Na juventude, depois de conhecer alguns dos maiores intelectuais que defendiam esse estilo de vida, a escritora começou a ler obras como An Essay on Abstinence from Animal Food: as a Moral Duty, do britânico Joseph Ritson e The Return to Nature, or, a Defense for the Vegetable Regimen, de John Frank Newton, precursores do veganismo, assim como William Lambe, de quem ela leu o livro Water and Vegetable Diet.
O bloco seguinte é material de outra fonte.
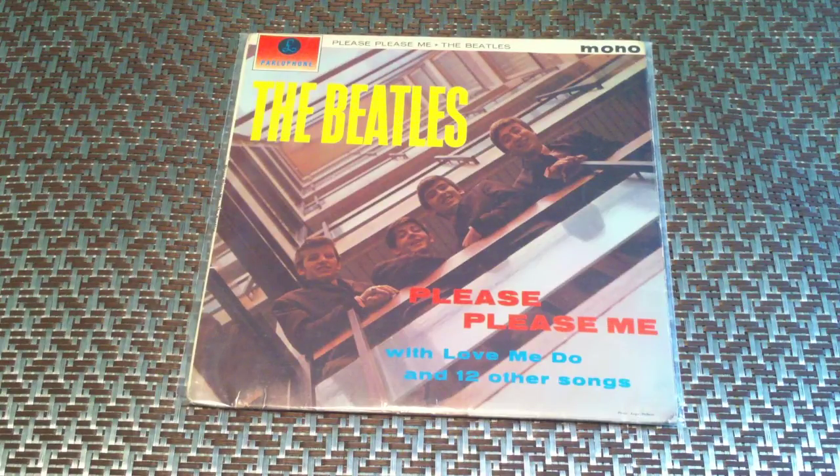Here's my collection of Beatle records. I'll first start with the UK records, the Parlophone label ones that I have.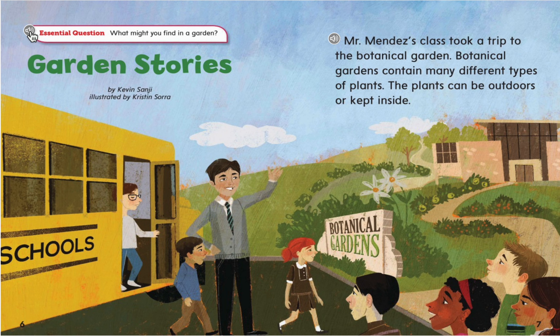Hello, kindergartners. As we're reading, make sure you're thinking about our essential question: What might you find in a garden? The title is Garden Stories by Kevin Sanji, illustrated by Kristen Sora.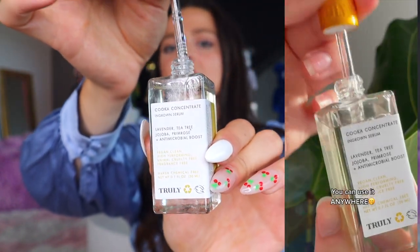The Kuka Concentrate is a small but mighty, super concentrated product — you can literally see how thick the consistency is. What this serum does is basically act as a spot treatment for your active ingrown hairs. It has lavender, tea tree, jojoba, primrose, and an antimicrobial boost. I absolutely love it — I can't live without this product.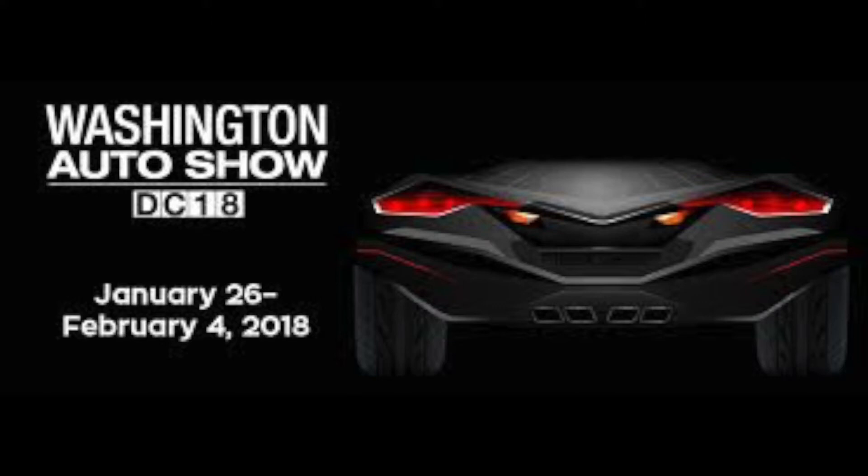This is the 2018 Washington DC Auto Show crammed into eight and a half minutes. Let's go check it out!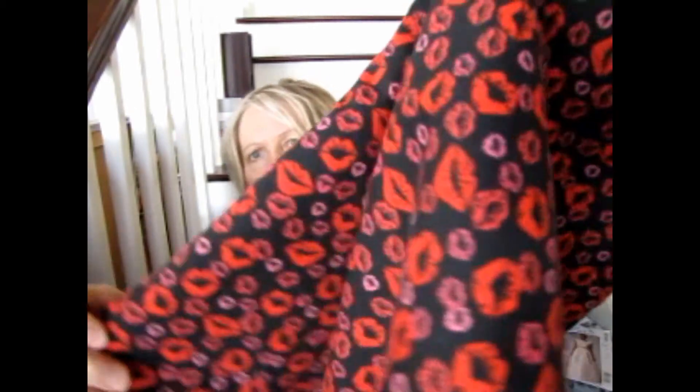This fabric has a black background with red and purplish lips on it. It's a cotton — I don't think there's any polyester in it — and it's just really cute. This would make a good dress, like the Empire waist dress I showed you before with the fish print that was too small for me but my daughter was able to wear. It's the perfect weight and type of fabric for that. The skirt piece has to be cut on the bias, and I think there's enough here to do it.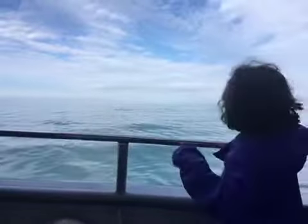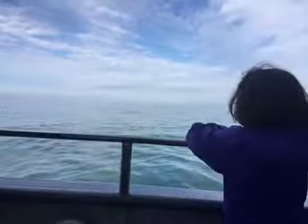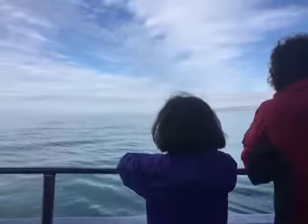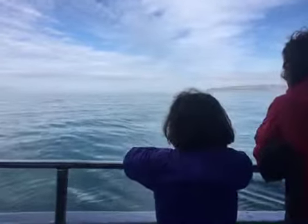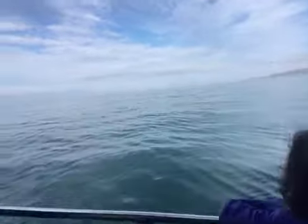Very cool. Pacific white-sided dolphins — very unique coloration. These guys don't have that big rostrum or that big pointy nose. Their head kind of comes straight down to the point of their nose, so it's more of a blunt-shaped head.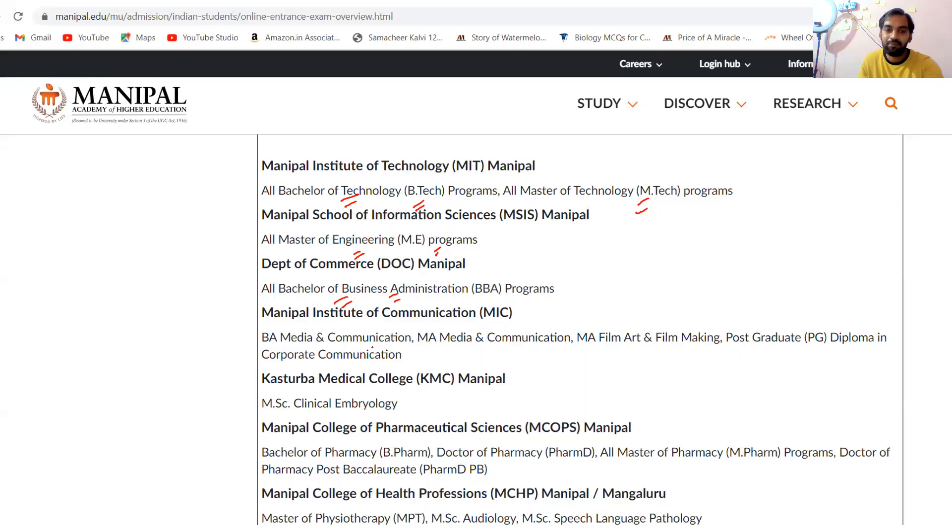All BBA and Media Communication (BA Media Communication), Clinical Embryology (MSc), and then Bachelor of Pharmacy (B.Pharm) and PharmD courses. Also Master of Pharmacy (M.Pharm) courses, Doctor of Pharmacy Post-Baccalaureate (PharmD PB), and then Health Professions.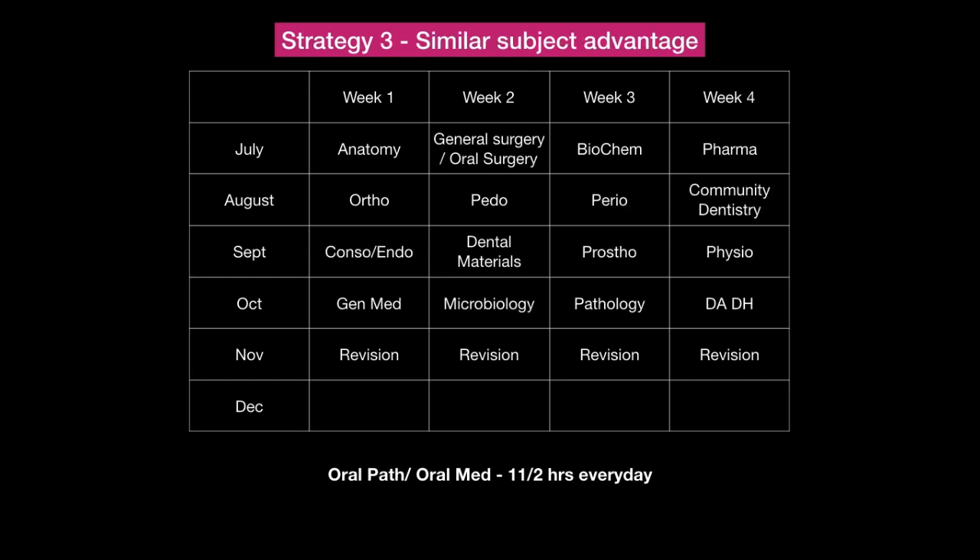Strategy 3 uses the similar subject advantage. Anatomy is closely related to general surgery and oral surgery, so combine them. Biochem and pharmacology are related, or you can combine microbiology and pharmacology. Orthodontics and pedodontics go together. Conservative dentistry, dental materials, and prosthodontics go together. General medicine, microbiology, and pathology go together. You can choose any combination that works for you, or choose any one of the three strategies — alternate clinical subjects, alternate easy and tough, or similar subject advantage.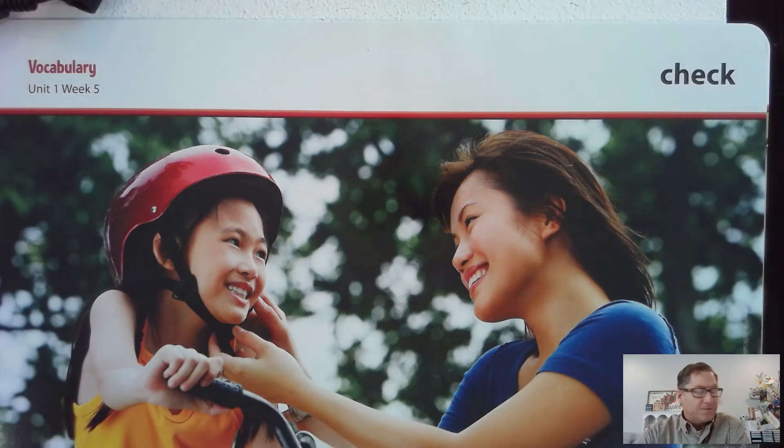Hello, everybody. For the Unit 1 Week 5 selection story, these are the vocabulary words for the second grade.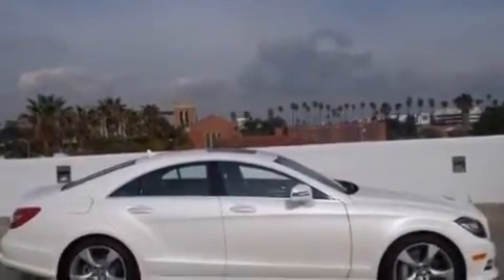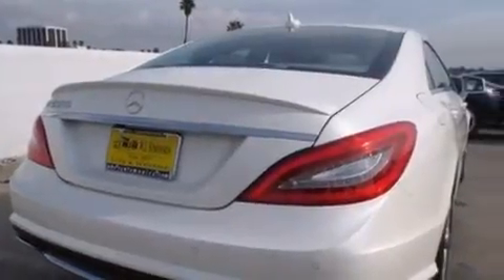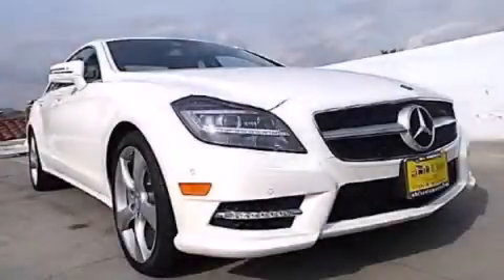With an EPA estimated rating of 27 miles per gallon on the highway, this vehicle helps leave money in your pocket where you want it. Stop by today and test drive this automobile for yourself.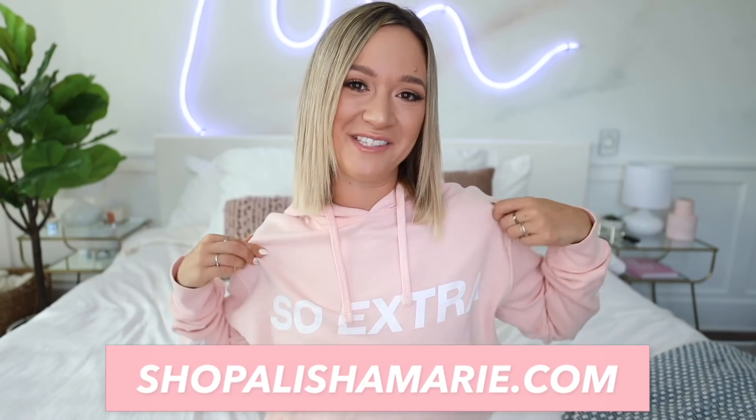Last but not least, you guys should buy my merch — link in the description, shop.feliciumi.com. Pink and extra hoodies are on sale.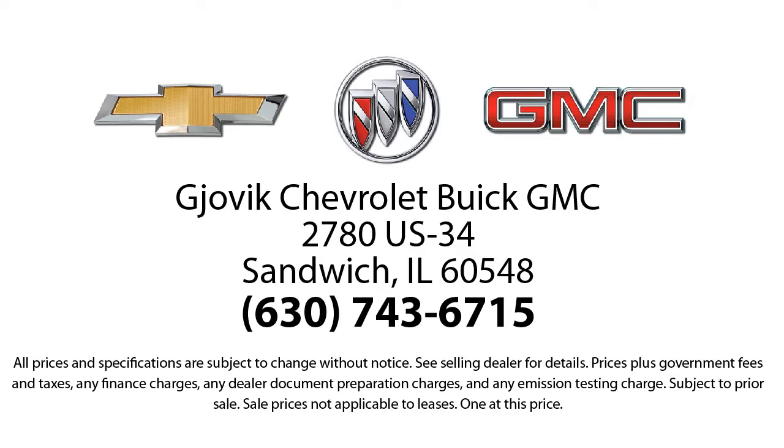Our large selection of new and GM certified vehicles, combined with our underlying commitment and loyalty to our customers, has earned us both the 50-year Chevrolet dealer award and the 25-year Buick dealer award. So stop by today and experience our friendly country atmosphere for yourself.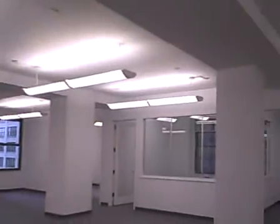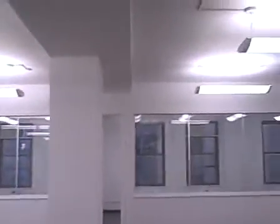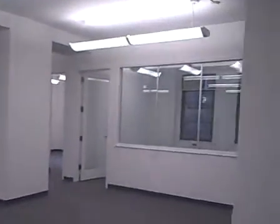The ceilings are high and open, and it's really a great piece of space with a window line as is — well lit even on this really gloomy, rainy day.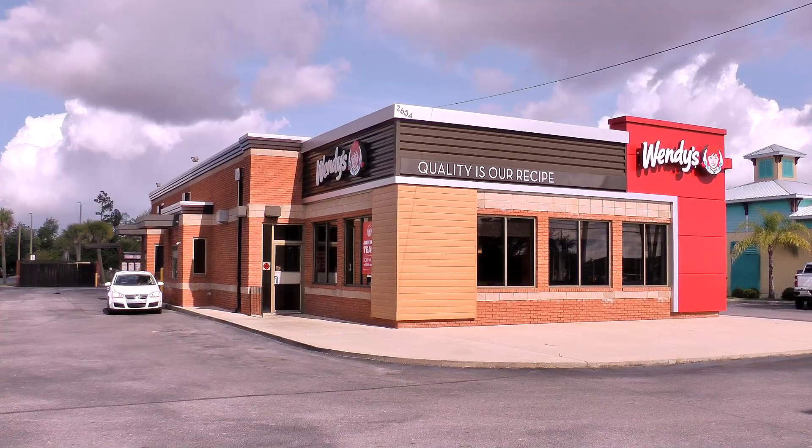Hola gang and welcome again to Old Nerd Reviews. I'm Tony, your old nerd of the day. And I do try things so you don't have to. Brand new! Wendy's has a new frosty, and I'm trying it today — the Wendy's Strawberry Frosty.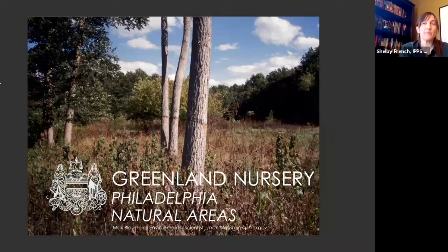Good afternoon. Welcome to the IPPS Eastern Region Micro Meeting Number 9. It is our pleasure to offer two tours of native plant nurseries — both historic Philadelphia growing spaces that play an important role in the city's park system and beyond. We'll be hearing from Max Blaustein of Greenland Nursery and Dan Feaser of Bartram's Garden. My name is Shelby French. As the Propagation Manager at Mount Cuba Center in Delaware, a native plant garden, it's very fitting that I'm your moderator. I also serve on the Eastern Region Board of Directors as the membership chair.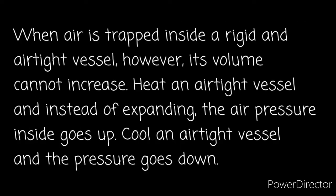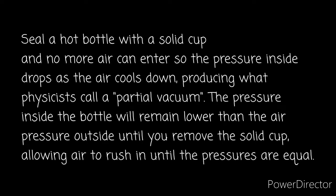When air is trapped inside a rigid and airtight vessel, however, its volume cannot increase. Heat an airtight vessel and instead of expanding, the air pressure inside goes up. Cool an airtight vessel and the pressure goes down. Seal a hot bottle with a solid cup and no more air can enter, so the pressure inside drops as the air cools down, producing what physicists call a partial vacuum.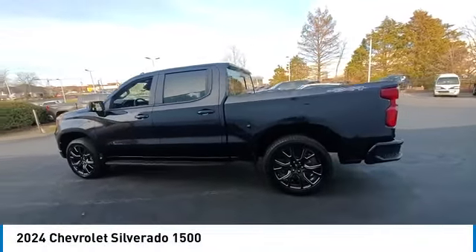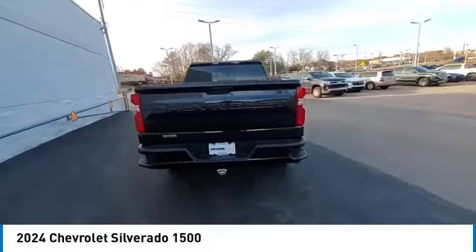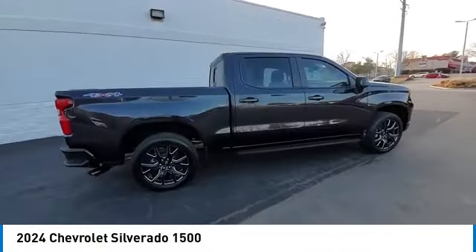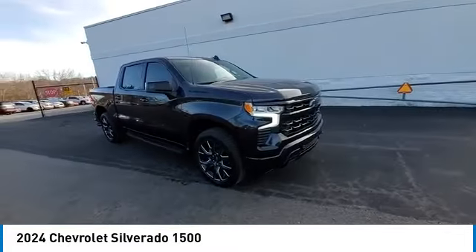You are going to love the 2024 Silverado 1500. The Chevy Silverado 1500 has the lowest cost of ownership of any full-size pickup. This vehicle has less than 100 miles.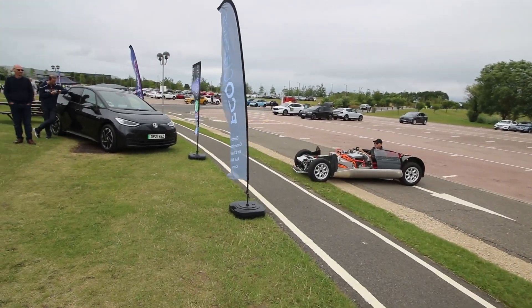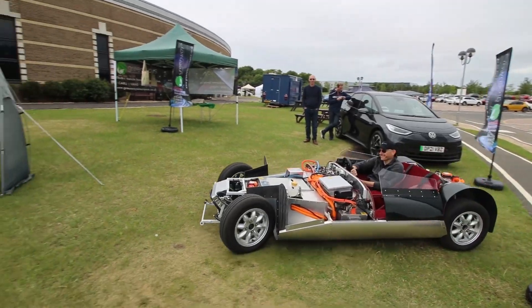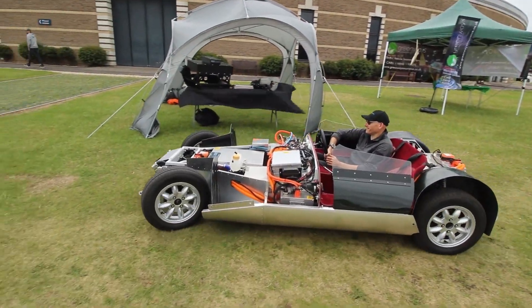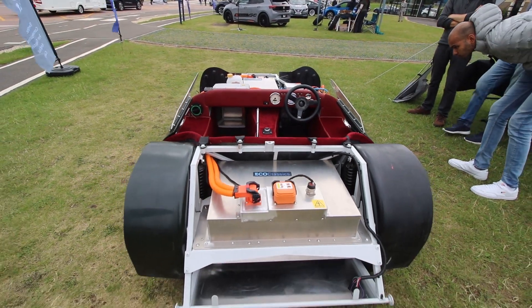Now you expect to see some interesting vehicles at an electric vehicle festival, however this really caught my eye — it's because it's got none of the body on, so you can see all the gubbins from the EV.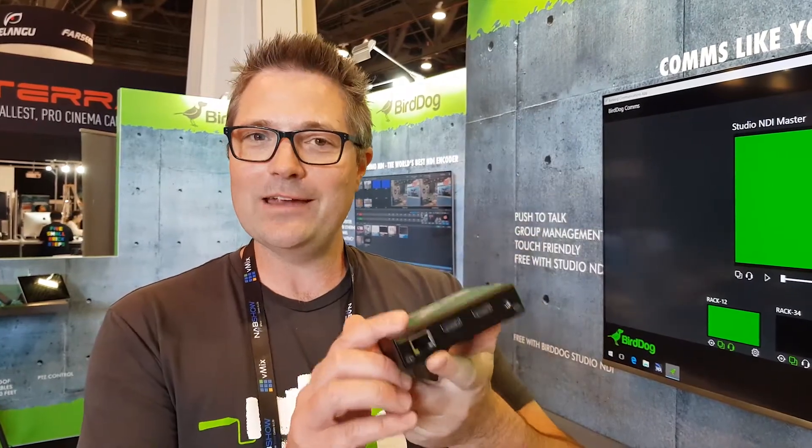Hi, I'm Dan from BirdDog and we're here on setup day for NAB 2018. We're super excited with all the announcements we've got. Probably the first and most exciting one is BirdDog Mini — this is our brand new little box that takes video in over HDMI and encodes that into NDI in real time.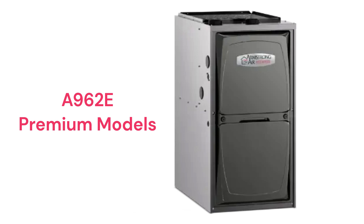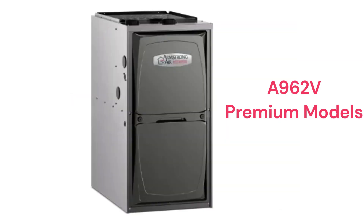The A962E model is a premium two-stage gas furnace with a constant torque blower motor and a two-speed inducer motor, while another A962E model has a variable speed blower motor and the ability to communicate with the other parts of the HVAC system to maximize efficiency and comfort.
Shelley também se inspirou em Plutarco, John Milton e nos textos em grego antigo e latim que abordavam o estilo de vida de Pitágoras, que era ovolactovegetariano.

Cercada por pessoas que não consumiam alimentos de origem animal, ela acabou se casando em 1816 com Percy Bysshe Shelley que, além de ter sido um dos mais importantes poetas românticos da Inglaterra, era um ativista vegetariano e também precursor do veganismo. O poeta lançou obras polêmicas como A Vindication of a Natural Diet e On the Vegetable System of Diet. No prefácio do primeiro, ele publicou um excerto do seu poema Rainha Mab:

Não mais agora

Ele mata o cordeiro que o observa

E terrivelmente devora sua carne mutilada;

Além do casal Shelley, outros românticos como Alexander Pope e Thomas Tryon ajudaram a promover o vegetarianismo na Europa. No entanto, nenhuma obra daquele período superou a popularidade de Frankenstein. Em uma das passagens do livro, a criatura se emociona ao dizer que sua comida não é a mesma dos homens:

“Não tenho que matar o cordeiro e a cabra para saciar o meu apetite. Bolotas e bagas são o suficiente para a minha alimentação. Minha companheira vai ser da mesma natureza que a minha, e vai se contentar com o mesmo que eu. Faremos a nossa cama de folhas secas; o sol vai brilhar sobre nós da mesma forma que brilha sobre os homens, e ele vai amadurecer a nossa comida. A imagem que apresento a vocês é humana e pacífica.” Ou seja, na essência, o monstro de Mary Shelley carregava em si a perfeição moral que faltava ao homem mediano, rendido aos excessos da ganância e da megalomania.

Embora haja controvérsias sobre até que ponto Mary Shelley foi vegetariana ao longo de sua vida, a verdade é que ela trouxe grandes contribuições para o vegetarianismo e, quem sabe, a maior seja a idealização de uma criatura desafortunada que desprezava o hábito humano de se alimentar de animais.

“Por que há de o homem vangloriar-se de sensibilidades mais amplas do que as que revelam o instinto dos animais? Se nossos impulsos se restringissem à fome, à sede e ao desejo, poderíamos ser quase livres. Somos, porém, impelidos por todos os ventos que sopram, e basta uma palavra ao acaso, um perfume, uma cena, para provocar-nos as mais diversas e inesperadas evocações”, escreveu Mary Shelley em Frankenstein, externando sua antipatia pela jactância e pelos caprichos do ser humano.

Saiba Mais

Mary Shelley nasceu em Londres em 30 de agosto de 1797 e faleceu em 1º de fevereiro de 1851.

Referências

Shelley, Mary. Frankenstein. CreateSpace Independent Publishing Platform (2015).

Shelley, Percy Bysshe. A Vindication of Natural Diet: Being One in a Series of Notes to Queen Mab (Disponível em ivu.org)

Bellows, Martha. Categorizing Humans, Animals and Machines in Mary Shelley ’s Frankenstein – pg. 6. University of Rhode Island (2009).

Fortes, Luis Roberto. Rousseau: o bom selvagem. 2º ed. – São Paulo: Humanistas: Discurso Editorial (2007).